Dolphin Cove Jamaica
- Interactive map of Dolphin Cove Jamaica
- Location: Ocho Rios, St. Ann; Montego Bay, St. James; and Lucea, Hanover
- Coordinates: 18°25′02″N 77°07′49″W﻿ / ﻿18.4171°N 77.1304°W
- Owner: Too Cool Ltd; Dolphin Cove Negril Ltd.
- Slogan: Experience of a lifetime
- Operating season: year round
- Website: dolphincoveja.com

= Dolphin Cove Jamaica =

Dolphin Cove Jamaica is a marine attraction in Jamaica at which guests can swim and interact with dolphins, sharks, and stingrays in their natural environment. Visitors may also interact with other species including iguanas, snakes and a variety of birds as well as other marine creatures in the Jungle Trail Walk. Dolphin Cove has been the recipient of many awards.

The company operates three facilities on the island: Ocho Rios, Montego Bay, and Lucea, which is claimed to be the largest natural dolphin lagoon in the world.

==History==
When it opened in 2001, Dolphin Cove Ocho Rios was the first attraction of its kind in Jamaica. The second park opened in Montego Bay in 2005 at the Half Moon Resort and is reserved for guests of the resort. The third facility at Lucea opened during 2010.

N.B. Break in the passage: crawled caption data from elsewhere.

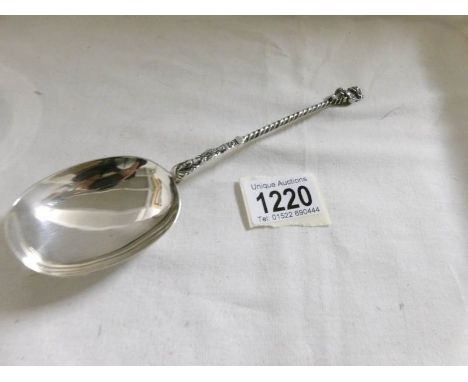 A silver anointing spoon with Lincoln imp finial, Birmingham 1911/12, Approximately 56 grams.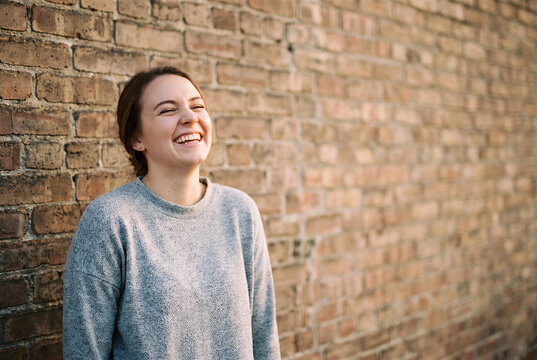 Woman laughing against urban brick wall outdoors portrait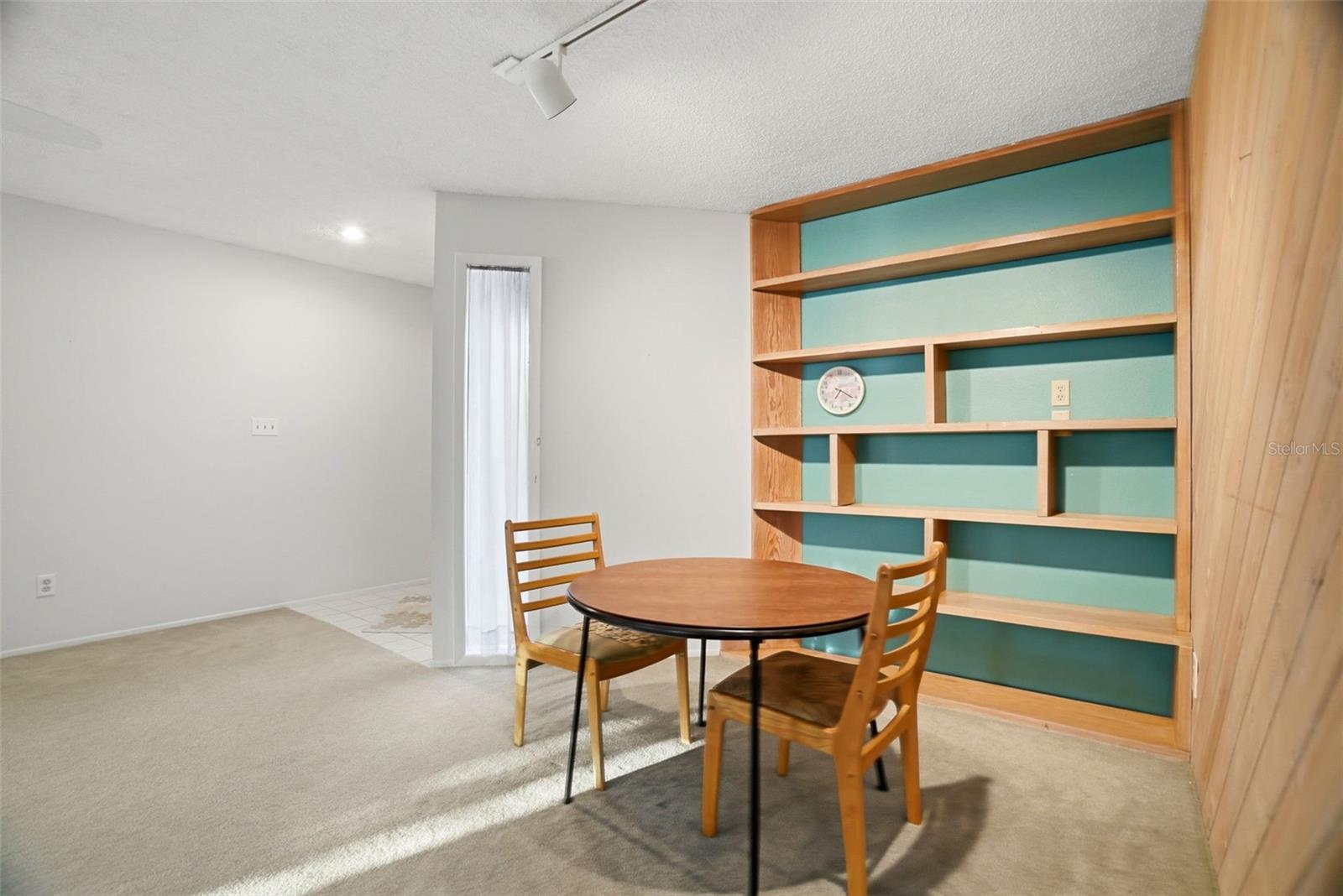 Built in shelving in the dining area of the Great Room.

In 2014, the company reportedly received two dolphins from a hotel in Peru, whose captivity had been the subject of controversy.

In 2015, Dolphin Discovery bought these locations, and now they are partners. On March 31, 2025, The Dolphin Company, owner of Dolphin Discovery and Dolphin Cove, filed for Chapter 11 bankruptcy protection to deal with its debt and financial challenges.